> Record excerpts:
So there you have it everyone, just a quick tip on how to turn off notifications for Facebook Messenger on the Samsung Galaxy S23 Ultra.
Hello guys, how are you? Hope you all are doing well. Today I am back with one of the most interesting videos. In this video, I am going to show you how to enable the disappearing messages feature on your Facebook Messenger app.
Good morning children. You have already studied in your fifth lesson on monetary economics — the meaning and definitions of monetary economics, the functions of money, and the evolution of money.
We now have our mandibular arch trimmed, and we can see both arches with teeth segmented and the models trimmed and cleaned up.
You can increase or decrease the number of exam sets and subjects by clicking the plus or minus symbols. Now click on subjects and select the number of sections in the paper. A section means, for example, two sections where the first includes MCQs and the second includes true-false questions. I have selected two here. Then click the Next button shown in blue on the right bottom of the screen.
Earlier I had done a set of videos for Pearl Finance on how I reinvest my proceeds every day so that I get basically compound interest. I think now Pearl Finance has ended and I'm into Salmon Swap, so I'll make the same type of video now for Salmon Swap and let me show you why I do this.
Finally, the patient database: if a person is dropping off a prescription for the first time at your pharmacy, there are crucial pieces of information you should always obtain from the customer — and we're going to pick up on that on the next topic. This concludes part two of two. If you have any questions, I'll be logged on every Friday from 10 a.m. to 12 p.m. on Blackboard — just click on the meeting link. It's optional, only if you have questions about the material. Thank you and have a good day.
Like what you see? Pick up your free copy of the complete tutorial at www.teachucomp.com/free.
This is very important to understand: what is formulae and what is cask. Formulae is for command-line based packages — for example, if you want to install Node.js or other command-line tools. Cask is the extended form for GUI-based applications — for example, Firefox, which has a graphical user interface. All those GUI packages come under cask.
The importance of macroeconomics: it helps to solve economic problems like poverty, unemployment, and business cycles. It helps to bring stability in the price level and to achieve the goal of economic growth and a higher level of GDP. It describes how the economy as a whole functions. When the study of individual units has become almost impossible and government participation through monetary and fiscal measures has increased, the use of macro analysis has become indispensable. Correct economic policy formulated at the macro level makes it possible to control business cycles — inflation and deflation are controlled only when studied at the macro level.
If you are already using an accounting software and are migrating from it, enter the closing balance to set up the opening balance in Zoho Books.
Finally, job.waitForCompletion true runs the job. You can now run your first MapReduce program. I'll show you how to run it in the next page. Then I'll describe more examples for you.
--
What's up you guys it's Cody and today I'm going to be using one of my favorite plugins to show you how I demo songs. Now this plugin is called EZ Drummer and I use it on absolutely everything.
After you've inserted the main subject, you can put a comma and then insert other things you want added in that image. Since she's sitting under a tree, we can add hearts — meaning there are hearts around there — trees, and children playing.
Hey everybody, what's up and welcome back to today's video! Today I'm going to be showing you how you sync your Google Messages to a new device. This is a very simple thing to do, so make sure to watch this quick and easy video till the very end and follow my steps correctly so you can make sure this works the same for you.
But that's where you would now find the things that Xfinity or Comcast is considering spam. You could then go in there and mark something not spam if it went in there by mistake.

> What you need to do: Among the entries above, say how many lines hold the word "things". No other words belong in the answer.

> Answer space: 2